Clone CPUs increasingly worth investigating

as alternative to industry-standard Intel

You've gasped at the duel of the computing platforms (Mac versus PC). You've winced at the ongoing office suite wars (Microsoft Office versus Corel WordPerfect Suite versus Lotus SmartSuite). Welcome, now ... chip conundrums!

If, like 90 per cent or so of computer buyers, you've settled on the so-called 'Wintel' platform (Microsoft Windows on an Intel-type processor), you're now faced, for the first time, with a real choice between CPUs -- the computer chips which are the closest thing to a brain in our beloved computers. (Let's agree to ignore philosophical questions such as 'Can computers think?,' okay?)

As the 'Wintel' name suggests, Intel represents the vast bulk of the CPUs. Alternatives have been around for years, but most of these contender chips have been relegated to the niche market of lower-priced, lower-powered clones circa Intel's last generation. Here, among the low-end desktop machines (and some notebooks), the modest power requirements of these previous-generation chips have been a benefit.

But now the competition has powered up. Companies such as AMD and Cyrix are challenging Intel at the high end with new products directly competitive with Intel's newest, fastest and most expensive products. Meanwhile, industry-standard Intel is fighting back with a wider-than-ever range of CPUs.

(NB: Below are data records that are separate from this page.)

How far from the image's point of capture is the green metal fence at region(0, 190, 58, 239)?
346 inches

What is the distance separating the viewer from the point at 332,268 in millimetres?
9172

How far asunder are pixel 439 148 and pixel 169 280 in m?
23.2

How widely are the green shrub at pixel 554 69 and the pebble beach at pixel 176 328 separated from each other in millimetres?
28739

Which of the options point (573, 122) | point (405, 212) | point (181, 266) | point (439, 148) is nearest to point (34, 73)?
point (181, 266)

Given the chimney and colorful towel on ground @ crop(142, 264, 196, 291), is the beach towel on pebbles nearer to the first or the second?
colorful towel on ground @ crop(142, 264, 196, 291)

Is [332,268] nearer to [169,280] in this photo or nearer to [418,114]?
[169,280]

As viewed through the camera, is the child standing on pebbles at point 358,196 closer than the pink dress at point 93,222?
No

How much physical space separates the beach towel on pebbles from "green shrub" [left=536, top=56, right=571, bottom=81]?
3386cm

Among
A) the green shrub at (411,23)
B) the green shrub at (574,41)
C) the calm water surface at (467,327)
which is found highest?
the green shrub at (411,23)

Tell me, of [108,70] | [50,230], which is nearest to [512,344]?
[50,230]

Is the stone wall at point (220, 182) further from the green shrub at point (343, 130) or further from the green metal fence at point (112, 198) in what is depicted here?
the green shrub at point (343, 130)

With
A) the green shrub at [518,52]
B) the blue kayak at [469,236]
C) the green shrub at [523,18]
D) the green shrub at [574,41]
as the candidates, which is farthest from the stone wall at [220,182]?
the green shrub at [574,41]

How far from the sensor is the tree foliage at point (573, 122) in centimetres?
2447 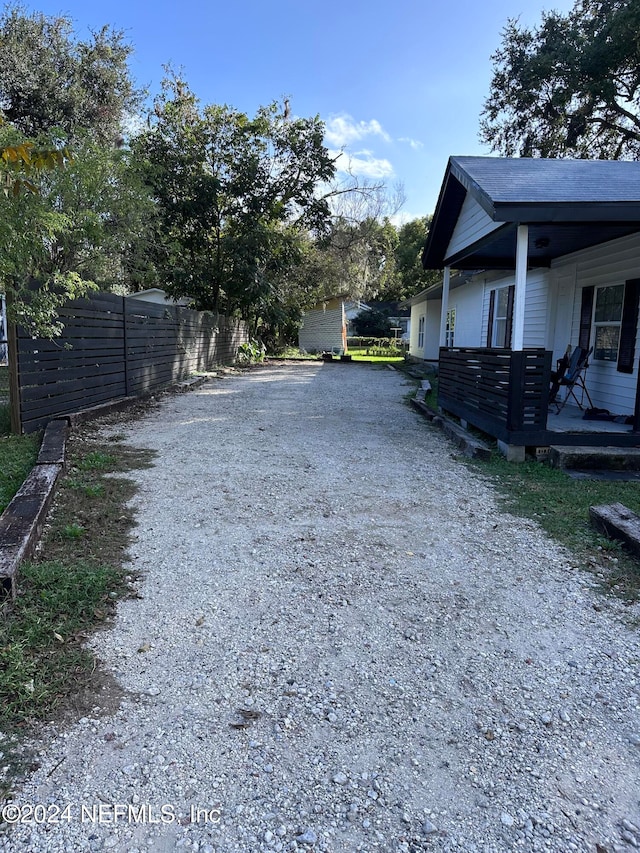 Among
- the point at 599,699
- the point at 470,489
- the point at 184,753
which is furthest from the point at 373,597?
the point at 470,489

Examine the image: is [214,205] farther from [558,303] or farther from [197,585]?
[197,585]

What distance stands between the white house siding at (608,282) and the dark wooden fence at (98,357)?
7436mm

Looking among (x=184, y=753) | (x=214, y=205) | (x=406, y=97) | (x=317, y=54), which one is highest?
(x=317, y=54)

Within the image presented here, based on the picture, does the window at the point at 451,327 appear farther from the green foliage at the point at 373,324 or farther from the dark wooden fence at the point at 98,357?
the green foliage at the point at 373,324

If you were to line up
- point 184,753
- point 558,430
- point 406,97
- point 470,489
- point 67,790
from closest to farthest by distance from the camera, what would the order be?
point 67,790
point 184,753
point 470,489
point 558,430
point 406,97

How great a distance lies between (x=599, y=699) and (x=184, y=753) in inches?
65.9

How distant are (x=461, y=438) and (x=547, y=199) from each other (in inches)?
114

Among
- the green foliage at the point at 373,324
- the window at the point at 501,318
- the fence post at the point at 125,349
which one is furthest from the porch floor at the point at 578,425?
the green foliage at the point at 373,324

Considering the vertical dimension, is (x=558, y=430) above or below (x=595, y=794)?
→ above

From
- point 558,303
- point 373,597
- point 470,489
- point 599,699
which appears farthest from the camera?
point 558,303

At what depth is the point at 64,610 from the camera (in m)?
2.71

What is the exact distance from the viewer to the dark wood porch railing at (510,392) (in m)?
5.88

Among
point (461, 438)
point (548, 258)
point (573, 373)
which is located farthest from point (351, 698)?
point (548, 258)

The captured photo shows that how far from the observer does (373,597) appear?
3082 millimetres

The silicon donnybrook is enough to cause chronic confusion among would-be buyers. If you seek new hardware, however, you should be aware of the alternatives:

* Well-seasoned CPU-cloner AMD has brought out a new, fast K6 processor which includes AMD's version of Intel's MMX multimedia extensions. It has the speed and power to rival some of Intel's best, but at a competitive price. All in all, it's much more interesting than AMD's previous K5 generation. The K6 chip is now carried in Digital Equipment systems and some other major manufacturers'. (For your information, Digital is now suing Intel and, needless to say, is trying to avoid using Intel products.)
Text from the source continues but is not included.